_THE DATA:_
--------------------

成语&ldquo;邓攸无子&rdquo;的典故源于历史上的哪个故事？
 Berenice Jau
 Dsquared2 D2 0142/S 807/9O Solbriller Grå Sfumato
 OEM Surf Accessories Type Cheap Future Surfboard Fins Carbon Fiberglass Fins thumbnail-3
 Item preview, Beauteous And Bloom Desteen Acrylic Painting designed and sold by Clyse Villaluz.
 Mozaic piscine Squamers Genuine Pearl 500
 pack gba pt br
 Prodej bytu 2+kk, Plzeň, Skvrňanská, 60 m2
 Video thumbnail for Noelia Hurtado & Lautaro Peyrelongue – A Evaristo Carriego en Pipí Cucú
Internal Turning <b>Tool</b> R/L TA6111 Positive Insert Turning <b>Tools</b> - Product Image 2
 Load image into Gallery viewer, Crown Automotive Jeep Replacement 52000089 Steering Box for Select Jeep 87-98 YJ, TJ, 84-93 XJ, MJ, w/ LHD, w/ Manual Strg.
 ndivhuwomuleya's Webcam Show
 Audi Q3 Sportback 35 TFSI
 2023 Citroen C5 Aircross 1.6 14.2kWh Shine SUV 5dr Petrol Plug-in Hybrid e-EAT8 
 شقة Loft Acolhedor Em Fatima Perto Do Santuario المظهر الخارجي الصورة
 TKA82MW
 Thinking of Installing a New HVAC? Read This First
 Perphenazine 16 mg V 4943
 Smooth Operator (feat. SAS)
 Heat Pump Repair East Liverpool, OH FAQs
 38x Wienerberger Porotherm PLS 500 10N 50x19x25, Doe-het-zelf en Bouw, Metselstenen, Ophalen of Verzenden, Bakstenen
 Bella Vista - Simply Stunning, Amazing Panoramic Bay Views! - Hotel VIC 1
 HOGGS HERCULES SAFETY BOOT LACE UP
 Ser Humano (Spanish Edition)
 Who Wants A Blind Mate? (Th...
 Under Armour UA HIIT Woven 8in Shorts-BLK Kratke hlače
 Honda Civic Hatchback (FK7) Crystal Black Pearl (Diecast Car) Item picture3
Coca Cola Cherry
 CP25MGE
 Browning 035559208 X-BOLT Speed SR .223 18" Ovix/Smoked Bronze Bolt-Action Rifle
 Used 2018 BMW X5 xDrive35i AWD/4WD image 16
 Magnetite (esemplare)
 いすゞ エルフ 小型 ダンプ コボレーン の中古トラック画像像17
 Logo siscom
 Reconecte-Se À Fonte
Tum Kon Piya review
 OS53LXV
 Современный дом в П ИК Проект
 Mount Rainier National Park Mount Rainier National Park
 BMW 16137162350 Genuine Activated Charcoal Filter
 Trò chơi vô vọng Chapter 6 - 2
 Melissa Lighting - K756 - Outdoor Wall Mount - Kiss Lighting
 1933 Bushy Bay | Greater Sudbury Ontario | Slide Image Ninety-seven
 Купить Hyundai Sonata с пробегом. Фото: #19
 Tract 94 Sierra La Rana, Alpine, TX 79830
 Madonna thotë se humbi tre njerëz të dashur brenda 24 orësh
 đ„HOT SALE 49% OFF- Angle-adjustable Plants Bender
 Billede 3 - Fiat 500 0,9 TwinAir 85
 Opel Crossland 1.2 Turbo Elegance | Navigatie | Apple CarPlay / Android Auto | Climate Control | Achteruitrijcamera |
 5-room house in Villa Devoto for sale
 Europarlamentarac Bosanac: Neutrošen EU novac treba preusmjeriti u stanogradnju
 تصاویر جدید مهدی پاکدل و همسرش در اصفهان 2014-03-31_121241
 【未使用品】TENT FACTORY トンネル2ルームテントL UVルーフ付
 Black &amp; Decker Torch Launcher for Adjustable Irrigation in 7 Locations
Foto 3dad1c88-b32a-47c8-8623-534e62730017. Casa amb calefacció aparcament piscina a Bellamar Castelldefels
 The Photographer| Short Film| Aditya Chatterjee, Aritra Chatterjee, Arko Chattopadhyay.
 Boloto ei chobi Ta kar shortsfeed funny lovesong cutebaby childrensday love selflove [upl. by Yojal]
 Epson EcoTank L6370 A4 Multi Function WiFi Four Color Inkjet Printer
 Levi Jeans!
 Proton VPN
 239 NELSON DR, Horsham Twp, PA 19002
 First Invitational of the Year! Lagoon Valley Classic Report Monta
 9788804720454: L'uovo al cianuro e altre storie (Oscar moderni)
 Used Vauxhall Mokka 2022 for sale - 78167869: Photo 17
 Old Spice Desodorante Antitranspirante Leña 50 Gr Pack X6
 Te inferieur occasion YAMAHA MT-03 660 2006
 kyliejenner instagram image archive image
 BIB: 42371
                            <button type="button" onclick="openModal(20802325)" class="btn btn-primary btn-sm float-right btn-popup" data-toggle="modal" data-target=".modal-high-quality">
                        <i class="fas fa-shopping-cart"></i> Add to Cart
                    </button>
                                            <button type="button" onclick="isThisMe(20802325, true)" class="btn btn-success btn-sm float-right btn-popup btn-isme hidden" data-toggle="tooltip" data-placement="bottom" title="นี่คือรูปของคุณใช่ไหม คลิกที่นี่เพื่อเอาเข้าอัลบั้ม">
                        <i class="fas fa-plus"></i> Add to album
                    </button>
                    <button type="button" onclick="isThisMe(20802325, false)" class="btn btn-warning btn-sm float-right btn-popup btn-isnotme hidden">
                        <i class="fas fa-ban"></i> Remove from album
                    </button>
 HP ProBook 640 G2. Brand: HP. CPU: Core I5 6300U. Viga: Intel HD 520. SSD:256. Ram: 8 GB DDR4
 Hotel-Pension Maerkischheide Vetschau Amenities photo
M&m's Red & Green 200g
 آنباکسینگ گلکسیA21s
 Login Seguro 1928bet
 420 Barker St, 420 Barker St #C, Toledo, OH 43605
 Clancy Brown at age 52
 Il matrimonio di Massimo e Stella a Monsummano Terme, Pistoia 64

--------------------

_PROBLEM DETAILS:_
Repeat all of the data exactly as given.

_EXERCISE OUTPUT:_
成语&ldquo;邓攸无子&rdquo;的典故源于历史上的哪个故事？
 Berenice Jau
 Dsquared2 D2 0142/S 807/9O Solbriller Grå Sfumato
 OEM Surf Accessories Type Cheap Future Surfboard Fins Carbon Fiberglass Fins thumbnail-3
 Item preview, Beauteous And Bloom Desteen Acrylic Painting designed and sold by Clyse Villaluz.
 Mozaic piscine Squamers Genuine Pearl 500
 pack gba pt br
 Prodej bytu 2+kk, Plzeň, Skvrňanská, 60 m2
 Video thumbnail for Noelia Hurtado & Lautaro Peyrelongue – A Evaristo Carriego en Pipí Cucú
Internal Turning <b>Tool</b> R/L TA6111 Positive Insert Turning <b>Tools</b> - Product Image 2
 Load image into Gallery viewer, Crown Automotive Jeep Replacement 52000089 Steering Box for Select Jeep 87-98 YJ, TJ, 84-93 XJ, MJ, w/ LHD, w/ Manual Strg.
 ndivhuwomuleya's Webcam Show
 Audi Q3 Sportback 35 TFSI
 2023 Citroen C5 Aircross 1.6 14.2kWh Shine SUV 5dr Petrol Plug-in Hybrid e-EAT8 
 شقة Loft Acolhedor Em Fatima Perto Do Santuario المظهر الخارجي الصورة
 TKA82MW
 Thinking of Installing a New HVAC? Read This First
 Perphenazine 16 mg V 4943
 Smooth Operator (feat. SAS)
 Heat Pump Repair East Liverpool, OH FAQs
 38x Wienerberger Porotherm PLS 500 10N 50x19x25, Doe-het-zelf en Bouw, Metselstenen, Ophalen of Verzenden, Bakstenen
 Bella Vista - Simply Stunning, Amazing Panoramic Bay Views! - Hotel VIC 1
 HOGGS HERCULES SAFETY BOOT LACE UP
 Ser Humano (Spanish Edition)
 Who Wants A Blind Mate? (Th...
 Under Armour UA HIIT Woven 8in Shorts-BLK Kratke hlače
 Honda Civic Hatchback (FK7) Crystal Black Pearl (Diecast Car) Item picture3
Coca Cola Cherry
 CP25MGE
 Browning 035559208 X-BOLT Speed SR .223 18" Ovix/Smoked Bronze Bolt-Action Rifle
 Used 2018 BMW X5 xDrive35i AWD/4WD image 16
 Magnetite (esemplare)
 いすゞ エルフ 小型 ダンプ コボレーン の中古トラック画像像17
 Logo siscom
 Reconecte-Se À Fonte
Tum Kon Piya review
 OS53LXV
 Современный дом в П ИК Проект
 Mount Rainier National Park Mount Rainier National Park
 BMW 16137162350 Genuine Activated Charcoal Filter
 Trò chơi vô vọng Chapter 6 - 2
 Melissa Lighting - K756 - Outdoor Wall Mount - Kiss Lighting
 1933 Bushy Bay | Greater Sudbury Ontario | Slide Image Ninety-seven
 Купить Hyundai Sonata с пробегом. Фото: #19
 Tract 94 Sierra La Rana, Alpine, TX 79830
 Madonna thotë se humbi tre njerëz të dashur brenda 24 orësh
 đ„HOT SALE 49% OFF- Angle-adjustable Plants Bender
 Billede 3 - Fiat 500 0,9 TwinAir 85
 Opel Crossland 1.2 Turbo Elegance | Navigatie | Apple CarPlay / Android Auto | Climate Control | Achteruitrijcamera |
 5-room house in Villa Devoto for sale
 Europarlamentarac Bosanac: Neutrošen EU novac treba preusmjeriti u stanogradnju
 تصاویر جدید مهدی پاکدل و همسرش در اصفهان 2014-03-31_121241
 【未使用品】TENT FACTORY トンネル2ルームテントL UVルーフ付
 Black &amp; Decker Torch Launcher for Adjustable Irrigation in 7 Locations
Foto 3dad1c88-b32a-47c8-8623-534e62730017. Casa amb calefacció aparcament piscina a Bellamar Castelldefels
 The Photographer| Short Film| Aditya Chatterjee, Aritra Chatterjee, Arko Chattopadhyay.
 Boloto ei chobi Ta kar shortsfeed funny lovesong cutebaby childrensday love selflove [upl. by Yojal]
 Epson EcoTank L6370 A4 Multi Function WiFi Four Color Inkjet Printer
 Levi Jeans!
 Proton VPN
 239 NELSON DR, Horsham Twp, PA 19002
 First Invitational of the Year! Lagoon Valley Classic Report Monta
 9788804720454: L'uovo al cianuro e altre storie (Oscar moderni)
 Used Vauxhall Mokka 2022 for sale - 78167869: Photo 17
 Old Spice Desodorante Antitranspirante Leña 50 Gr Pack X6
 Te inferieur occasion YAMAHA MT-03 660 2006
 kyliejenner instagram image archive image
 BIB: 42371
                            <button type="button" onclick="openModal(20802325)" class="btn btn-primary btn-sm float-right btn-popup" data-toggle="modal" data-target=".modal-high-quality">
                        <i class="fas fa-shopping-cart"></i> Add to Cart
                    </button>
                                            <button type="button" onclick="isThisMe(20802325, true)" class="btn btn-success btn-sm float-right btn-popup btn-isme hidden" data-toggle="tooltip" data-placement="bottom" title="นี่คือรูปของคุณใช่ไหม คลิกที่นี่เพื่อเอาเข้าอัลบั้ม">
                        <i class="fas fa-plus"></i> Add to album
                    </button>
                    <button type="button" onclick="isThisMe(20802325, false)" class="btn btn-warning btn-sm float-right btn-popup btn-isnotme hidden">
                        <i class="fas fa-ban"></i> Remove from album
                    </button>
 HP ProBook 640 G2. Brand: HP. CPU: Core I5 6300U. Viga: Intel HD 520. SSD:256. Ram: 8 GB DDR4
 Hotel-Pension Maerkischheide Vetschau Amenities photo
M&m's Red & Green 200g
 آنباکسینگ گلکسیA21s
 Login Seguro 1928bet
 420 Barker St, 420 Barker St #C, Toledo, OH 43605
 Clancy Brown at age 52
 Il matrimonio di Massimo e Stella a Monsummano Terme, Pistoia 64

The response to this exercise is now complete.